Many local governments provide water and sewer services. There is existing statutory authority to allow these governments to spend ARP monies on necessary water and sewer infrastructure projects. SeeG.S. 153A-276 for counties and G.S. 160A-313 for municipalities. The monies may not be used to cover operating expenses (although the revenue replacement provision in number (3) allows a local government to cover lost water and sewer revenues due to the pandemic). Pending further direction from the federal or state government, it will be up to the local government’s governing board to determine what infrastructure investments are necessary.
The state law authority for broadband is much more limited. Currently, counties do not have authority to construct or fund broadband infrastructure, except as needed for county operations. Pursuant to G.S. 153A-459 (enacted by SL 2019-111), a county may
provide grants to unaffiliated qualified private providers of high‑speed Internet access service, as that term is defined in G.S. 160A‑340(4), for the purpose of expanding service in unserved areas for economic development in the county. The grants shall be awarded on a technology neutral basis, shall be open to qualified applicants, and may require matching funds by the private provider. A county shall seek and consider requests for proposal from qualified private providers within the county prior to awarding a broadband grant and shall use reasonable means to ensure that potential applicants are made aware of the grant, including, at a minimum, compliance with the notice procedures set forth in G.S. 160A‑340.6(c).

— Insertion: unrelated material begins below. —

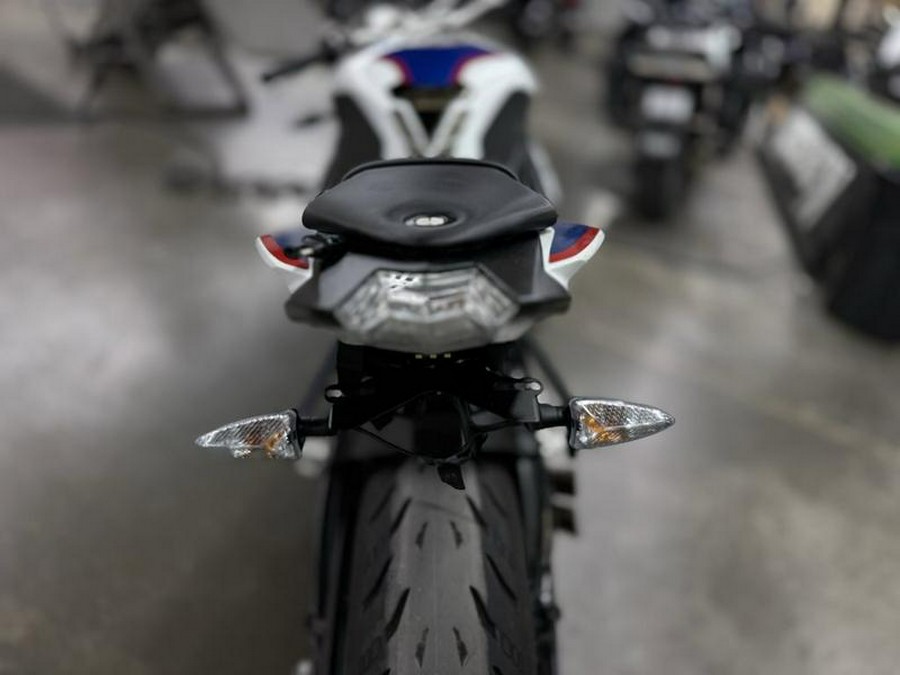 2018 BMW S 1000 R Light WT / Lupin BL Metallic / Racing RD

The county shall use only unrestricted general fund revenue for the grants. For the purposes of this section, a qualified private provider is a private provider of high‑speed Internet access service in the State prior to the issuance of the grant proposal. Nothing in this section authorizes a county to provide high‑speed Internet broadband service.
Counties may only use “unrestricted general fund revenue” to make these grants, though. That does not include ARP monies because these funds are restricted.

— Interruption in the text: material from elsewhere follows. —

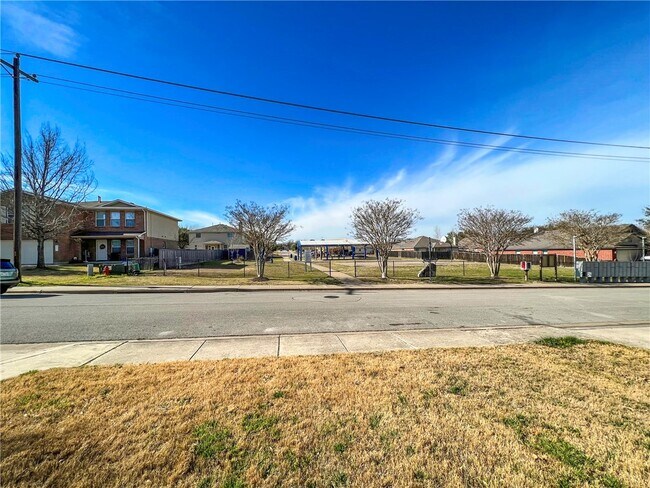 Building Photo - 116 Remington Dr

Municipalities have authority to fund broadband (and construct broadband infrastructure) as a public enterprise, see BellSouth Telecommunications, Inc. v. City of Laurinburg, 606 S.E.2d 721 (2005), but the General Assembly severely curtailed that authority several years ago. A municipality must be able to satisfy all of the process and substantive requirements in G.S. Ch. 160A, Art. 16A in order to construct broadband infrastructure other than for municipal government purposes, even dark fiber that it then leases or sells to private entities to provide broadband services. (See this post for more details.)
Outside of developing it for its own purposes, a local government likely will not be able to use ARP monies to construct broadband infrastructure more broadly absent additional legislative authority.
Sharing Allocations with Other Local Government Entities
A local government may wish to partner with another local government entity to use ARP funds to carry out one or more of the allowed purposes. The ARP specifically authorizes a local government to transfer any of its allocation to a “special-purpose unit of State or local government.” A special-purpose unit of State or local government likely encompasses all of the special districts and public authorities that are subject to the Local Government Budget and Fiscal Control Act. (See this blog post for a list of those entities).
Under state law, there also is broad authority for a local government to enter into an interlocal agreement with another government entity to accomplish a public purpose that the local government has statutory authority to undertake. See G.S. Ch. 160A, Art. 20.